Для Тарковского дешево, думаю я, и с отвращением к украинским политикам, бизнесменам и всем тем, кого в насмешку называют «украинской элитой» покидаю это зрелище.
Я донецкий и этим уже все сказано.
Минометные обстрелы Донецка
Вооруженные Силы Украины… никогда не будут бить по жилым кварталам.
Украинские солдаты… будут рисковать собственными жизнями, чтобы только не подвергать угрозам женщин, детей, пожилых мужчин.
Такова вечная рыцарская природа украинского воинства.
В трамвае слышал разговор старух.
— Антихристы они. Обстрелы и бомбежки всегда затевают на большие православные праздники. На Пасху, на Троицу…
— И на Преображение Господне. Еще по субботам и воскресеньям их черти мордуют. И по ночам.

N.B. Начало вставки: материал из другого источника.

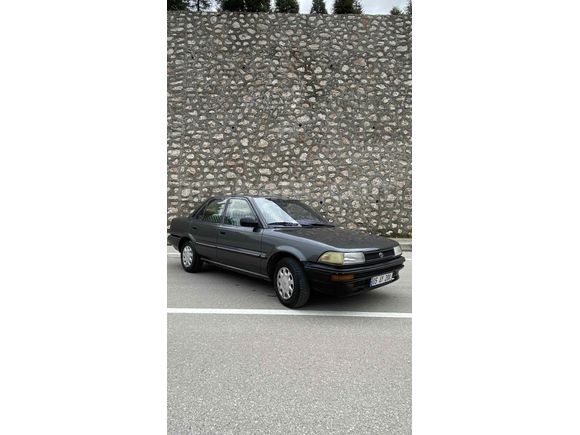 Sahibinden Toyota Corolla 1.6 XL 1991 Model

В субботу, 23 августа, в 6 утра взрыв над головой сорвал меня с постели и бросил сонного в ванную. Опять свист, треск и тарахтенье по крыше. Снова свист, трест как салют только раз в сто громче и трах-тара-рах по крыше. Словно глупый баловник раз за разом взрывает огромную хлопушку у меня над головой и бросает на крышу дома пригоршнями гальку. Стекла еще не выбил. Потолок не пробил. Вновь стремительно приближающийся свист, треск, стук. И так раз десять. Воздух в квартире, стены и пол с каждым взрывом опасно вздрагивают, но держатся. Наконец-то, все затихло. Озираясь, выхожу из ванной. Из-под дивана, озираясь, вылазит кошка. Смотрим друг на друга. Улыбаюсь.
После нападения украинской армии на Донбасс я по-новому увидел свою квартиру и город. Они стали большими. Иногда огромными. Оказалось, что квартира моя прекрасно простреливается. Окон в ней очень много и они почти на всю стену. Мне бы бойницы вместо окон! Донецкие же расстояния, которые я в мирное время проходил не глядя, не замечая, теперь растянулись. Особенно опасны стали площади, широкие улицы, остановки. На них я, как и у окна, чувствую себя мишенью. Обычная поездка в городском транспорте может в любую секунду стать экстремальным видом спорта.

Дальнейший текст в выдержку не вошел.